Чулков сидел опустив голову и не откликнулся.
— Слышишь — четырнадцатый! Не забудь.
— Хоть двадцать пятый! Я об Олеге думаю. Добегался кобель, а вся злость на него прошла. Жалко.
— Жалко? Не то слово. Невыносимо. Слушай, дай пятерку на такси. У меня только рубль.
Кровать Аргунихина стояла у окна, и солнце освещало его измученное, безнадежно постаревшее лицо с чугунными синяками под глазами. Аргунихин не сразу заметил, что он был привязан полотенцами за подмышки к спинке кровати. И хотя руки его лежали вдоль тела, он показался распятым.
— Зачем тебя так? — спросил Новиков.
— Позвоночник. Нельзя поворачиваться на бок.
— А ноги действуют?
— Вполне. Это не перелом. Только трещина.
И он высоко поднял вверх вытянутую ногу и пошевелил пальцами.
Новиков вздохнул всей грудью.
— Полегчало, — сказал он. — Шура ничего не знает. Я себя чувствовал такой сволочью, таким сухарем… С полдороги хотел вернуться за ней, и что-то не пустило.
— Оптимизм. Ты же зануда-оптимист. Только чудом не ошибся. Я же мог быть покойником. Счастье, что товарный шел по третьему пути. Но мне-то казалось, что он наедет прямо на мою голову. Я упал на спину и не мог пошевелиться, только руки прижал к себе. А свет мчится, мчится прямо в глаза… И я тогда подумал… — он резко оборвал и отвернулся к окну.
Новиков тоже посмотрел в окно. С четвертого этажа были видны только верхушки деревьев, седеющие желтыми прядями, да круглые пышные облака на глубоком синем небе. Ветра нет, все неподвижно, как на картине. «И равнодушная природа…» Это, кажется, из хрестоматии. Равнодушная природа. Как Олегу трудно сейчас. Хочется все рассказать, и невозможно.
— Ты помолчи, — сказал он, хотя Аргунихин уже давно молчал. — Не надо тебе волноваться. Если хочешь знать — я тоже виноват. Помнишь, тогда в чебуречной? Я тебе все объяснял, взывал к справедливости, а логика — мертвому припарки. Сочувствовать надо. Подставлять жилетку. Иногда, если человек выговорится, безумствовать не хватает энергии.
— И я подумал, — не слушая, упрямо продолжал Аргунихин, — в последнюю минуту подумал, как было хорошо в школе, с Шурой, со всем, что набежало за жизнь. Я всех вспомнил — тебя, Алешу Цилле, кобылу Батавию… Это только рассказывать долго, а мысли — это же секунда…

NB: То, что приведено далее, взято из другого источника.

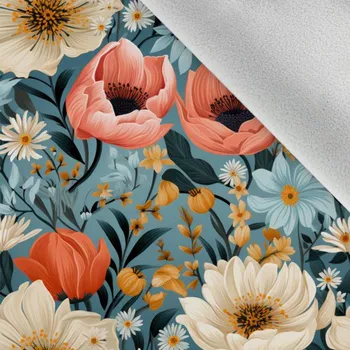 Látka softshell zimní romantické květiny Blue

Как же его забрало, если он, такой насмешливый, победоносный, скрытный, исповедуется не только перед ним, перед всей палатой! Новиков посмотрел вокруг. Сосед Аргунихина, мальчишка с баками, спал, приоткрыв рот, и тихо похрапывал; в другом конце комнаты лежал человек с забинтованной головой, рядом с ним старик с рукой в гипсе громко чавкал яблоком, бессмысленно вперившись в потолок.

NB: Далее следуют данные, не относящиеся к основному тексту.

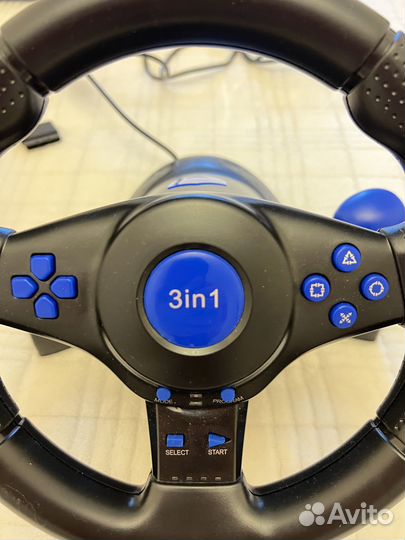 Игровой руль с педалями 3в1 Vibration Steering whe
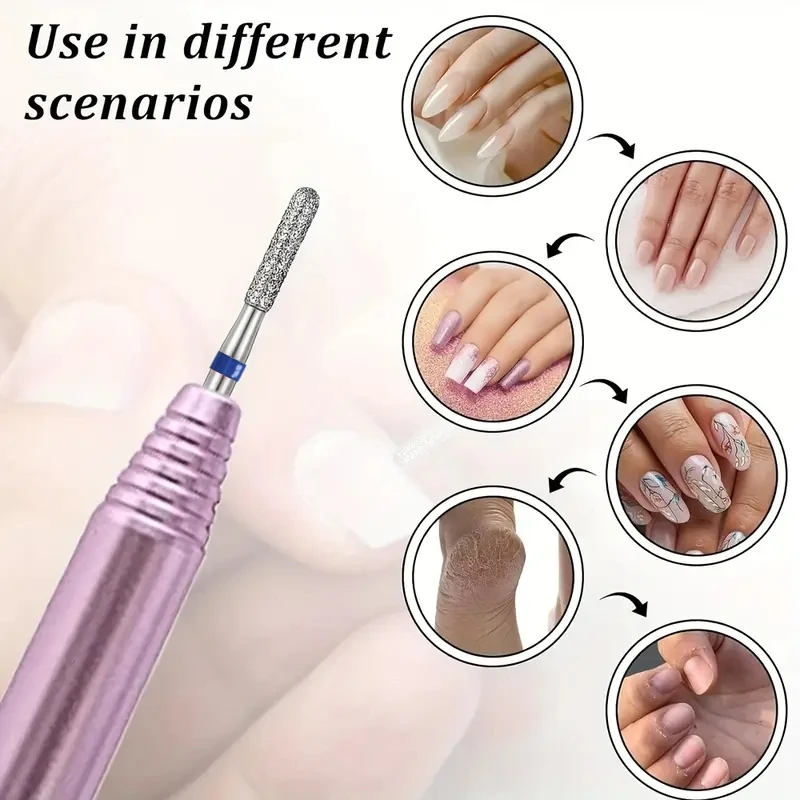 6個/袋 10mm 日本式フロントダイヤモンドマニキュア研磨ヘッド スムーストップネイルドリルビットセット 角質除去トリートメント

— Боль была адская… — говорил Аргунихин. — Мне казалось, что я перекричал состав, а подобрали-то не сразу… — Он криво улыбнулся. — Я всегда знал, что ты считаешь меня слабаком. Может, даже трусом. Знал и соглашался с тобой.

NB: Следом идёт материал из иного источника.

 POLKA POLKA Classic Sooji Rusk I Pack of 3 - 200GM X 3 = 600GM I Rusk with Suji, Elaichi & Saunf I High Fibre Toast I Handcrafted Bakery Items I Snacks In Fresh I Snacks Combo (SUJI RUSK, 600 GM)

— Глупости говоришь, — покраснев, сказал Новиков. — Я тебе всегда завидовал. Легкости твоей, везенью. Слышал бы, как в школе тебя вспоминают: Люба Стужина, Вася, Чулков… Без тебя все кажется не то и не так. Только успевай отбрехиваться!
— Правда?
— Самое время врать!
Гулко прогромыхали колеса. Олег вздрогнул. В палату въехали две каталки и остановились в дальнем конце у кроватей.
— Завалишина, Гольца — на рентген! — скомандовала молоденькая сестра.
Санитары помогли больным перебраться на каталки, и снова загремели скрипучие колеса… «Как на проселке», — подумал Новиков. А через минуту в комнате стало оглушительно тихо.
— А ведь все и случилось потому, что я боялся возвращаться к вам. Не мог. Подумать не мог, что вернусь, — сказал Аргунихин.
— А я никогда не мог уйти, — с трудом выговорил Новиков. — Тысячу раз думал — и не мог.
— А когда прошел товарняк, — не слушая, продолжал Аргунихин, — и мне казалось, что я уже раздавленный, как таракан, я понял. Еще на рельсах понял, что не смогу без вас. Прожитая жизнь держит. В грубых чертах все было правильно. До этого лета. — Он хотел было приподняться, но лямки, привязанные к спинке кровати, не пустили. И опять жалко искривился рот. — Сегодня же тридцатое! Как же ты уехал? Как они там смогут без нас?
— Порядок, — отмахнулся Новиков. — Ничего не случится.